## Prompt
Please leave out pictures and print exactly the lines from the one that has "Faux Leather Pants" through the last line of the material below.

··· Input data ···

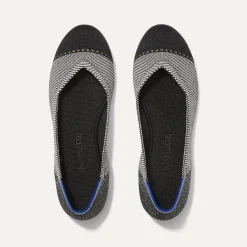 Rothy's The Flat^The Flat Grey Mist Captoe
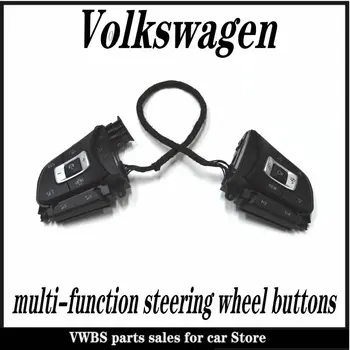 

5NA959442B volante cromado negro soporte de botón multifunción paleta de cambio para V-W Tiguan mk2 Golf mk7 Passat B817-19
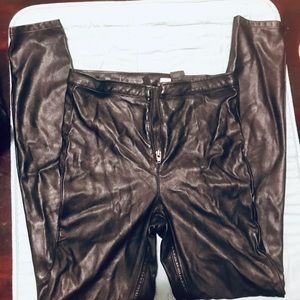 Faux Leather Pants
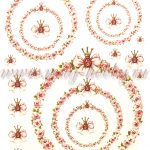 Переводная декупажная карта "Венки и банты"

···

## Written answer
 Faux Leather Pants
 Переводная декупажная карта "Венки и банты"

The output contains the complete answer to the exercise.